The Agalarovs and Kaveladze made headlines last year when it emerged that Rob Goldstone, a British music publicist representing Emin, emailed Donald Trump Jr. in 2016 and asked him whether he was interested in meeting a Kremlin-aligned lobbyist offering dirt on then Democratic nominee Hillary Clinton.
Trump Jr. appeared eager about the offer and was later one of three top Trump campaign officials who met the lobbyist, Natalia Veselnitskaya, at Trump Tower in June 2016. Kaveladze was one of several individuals from Russia’s side who attended the meeting, which counterintelligence experts say was part of Russia’s attempt to infiltrate the campaign.
‘Mr. Putin would like to meet Mr. Trump’
Meanwhile, Trump has long espoused a particular fascination with Putin, characterising him as a tough leader and skilled negotiator.
In June 2013, around the time he reportedly wrote Putin the letter inviting him to the pageant, Trump tweeted, “Do you think Putin will be going to The Miss Universe Pageant in November in Moscow – if so, will he become my new best friend?”
Trump’s 2013 Miss Universe pageant in Moscow was part of his longtime effort to bring the Trump brand to Russia. He had, for years, been working to build a glitzy Trump Tower in Moscow, and he reportedly viewed the pageant as his opportunity to push the deal through.
Once the pageant was underway that November, however, Trump became increasingly preoccupied over whether Putin would attend the event, according to “Russian Roulette.”
When he arrived in Moscow for the pageant, Agalarov delivered Trump a private message directly from the Kremlin, the book said: “Mr. Putin would like to meet Mr. Trump.”
Eventually, however, Trump said Putin’s spokesman and top aide Dmitry Peskov had called him to apologise and say Putin would be unable to meet with Trump or attend the pageant after all, because the Netherland’s royal family, which was in town, was stuck in a traffic jam and would be late getting to the Kremlin to meet Putin.

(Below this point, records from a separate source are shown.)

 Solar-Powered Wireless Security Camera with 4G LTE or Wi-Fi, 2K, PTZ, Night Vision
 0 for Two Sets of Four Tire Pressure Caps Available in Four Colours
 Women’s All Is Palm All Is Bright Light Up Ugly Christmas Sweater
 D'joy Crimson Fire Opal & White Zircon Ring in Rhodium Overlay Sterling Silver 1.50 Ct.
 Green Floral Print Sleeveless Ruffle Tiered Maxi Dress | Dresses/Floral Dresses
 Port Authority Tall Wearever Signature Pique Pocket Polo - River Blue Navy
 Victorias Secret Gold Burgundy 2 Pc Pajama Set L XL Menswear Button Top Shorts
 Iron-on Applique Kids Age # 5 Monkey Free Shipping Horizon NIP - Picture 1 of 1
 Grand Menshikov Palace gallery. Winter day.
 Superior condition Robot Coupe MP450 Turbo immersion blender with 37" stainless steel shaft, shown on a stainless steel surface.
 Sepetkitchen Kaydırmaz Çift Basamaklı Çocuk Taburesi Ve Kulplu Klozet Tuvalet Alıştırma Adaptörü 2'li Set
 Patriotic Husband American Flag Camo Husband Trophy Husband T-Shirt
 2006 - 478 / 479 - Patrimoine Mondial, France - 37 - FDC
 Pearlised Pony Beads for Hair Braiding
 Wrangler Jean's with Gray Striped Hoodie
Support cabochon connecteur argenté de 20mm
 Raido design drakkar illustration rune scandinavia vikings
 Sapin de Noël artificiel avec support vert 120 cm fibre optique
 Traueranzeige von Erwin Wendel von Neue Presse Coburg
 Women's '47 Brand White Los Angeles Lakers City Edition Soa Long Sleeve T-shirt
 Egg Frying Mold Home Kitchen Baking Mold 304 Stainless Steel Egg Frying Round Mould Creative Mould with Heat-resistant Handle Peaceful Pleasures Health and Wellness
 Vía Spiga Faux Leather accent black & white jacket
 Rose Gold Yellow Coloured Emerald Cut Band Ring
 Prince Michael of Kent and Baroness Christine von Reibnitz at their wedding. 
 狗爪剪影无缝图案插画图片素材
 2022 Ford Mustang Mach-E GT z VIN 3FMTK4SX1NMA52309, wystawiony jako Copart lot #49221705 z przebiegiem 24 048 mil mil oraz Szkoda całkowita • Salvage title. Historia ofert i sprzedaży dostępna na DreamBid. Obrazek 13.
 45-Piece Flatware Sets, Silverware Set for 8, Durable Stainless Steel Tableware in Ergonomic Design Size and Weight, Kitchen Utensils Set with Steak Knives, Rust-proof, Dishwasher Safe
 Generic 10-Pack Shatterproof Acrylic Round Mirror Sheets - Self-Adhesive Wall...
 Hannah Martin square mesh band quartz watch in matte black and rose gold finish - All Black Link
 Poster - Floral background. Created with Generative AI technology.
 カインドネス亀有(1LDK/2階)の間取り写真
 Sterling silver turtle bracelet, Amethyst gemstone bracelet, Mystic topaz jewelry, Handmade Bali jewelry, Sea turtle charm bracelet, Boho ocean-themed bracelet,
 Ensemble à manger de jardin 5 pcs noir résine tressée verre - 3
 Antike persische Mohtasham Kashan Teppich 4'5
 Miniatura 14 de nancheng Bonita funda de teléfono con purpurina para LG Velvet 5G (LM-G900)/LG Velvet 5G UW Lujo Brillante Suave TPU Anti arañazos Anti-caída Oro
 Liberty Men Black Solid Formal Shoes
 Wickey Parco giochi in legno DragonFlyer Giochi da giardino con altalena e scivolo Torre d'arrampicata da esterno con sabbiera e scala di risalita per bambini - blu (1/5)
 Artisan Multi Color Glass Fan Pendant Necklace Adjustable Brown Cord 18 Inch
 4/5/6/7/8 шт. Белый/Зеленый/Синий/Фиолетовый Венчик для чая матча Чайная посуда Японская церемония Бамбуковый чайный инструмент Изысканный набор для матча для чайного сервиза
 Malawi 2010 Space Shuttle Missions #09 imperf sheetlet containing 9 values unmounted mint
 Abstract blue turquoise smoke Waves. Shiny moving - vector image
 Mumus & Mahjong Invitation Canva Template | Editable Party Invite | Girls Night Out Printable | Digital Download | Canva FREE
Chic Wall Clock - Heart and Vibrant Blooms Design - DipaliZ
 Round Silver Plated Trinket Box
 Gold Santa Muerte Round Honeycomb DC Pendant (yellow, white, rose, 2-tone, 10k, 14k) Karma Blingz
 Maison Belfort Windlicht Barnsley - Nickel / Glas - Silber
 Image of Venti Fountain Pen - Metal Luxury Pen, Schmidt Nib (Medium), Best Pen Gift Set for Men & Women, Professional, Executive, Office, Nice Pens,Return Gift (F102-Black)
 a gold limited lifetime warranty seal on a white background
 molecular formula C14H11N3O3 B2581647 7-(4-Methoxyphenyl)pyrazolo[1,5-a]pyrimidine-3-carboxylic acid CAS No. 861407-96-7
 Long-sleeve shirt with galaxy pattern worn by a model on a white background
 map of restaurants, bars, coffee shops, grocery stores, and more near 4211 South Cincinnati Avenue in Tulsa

Trump said, however, that Peskkov tried to make amends by extending an invitation from Putin to attend the upcoming Olympic Games so they could finally meet. Peskov added that Putin had a gift for him, according to Trump’s account of the conversation which he conveyed to Goldstone. And although Trump was disappointed Putin wouldn’t be attending the lavish event, he reportedly told an associate to spread word after the pageant aired that Putin had stopped by.
“No one will know for sure if he came or not,” Trump said, according to the book.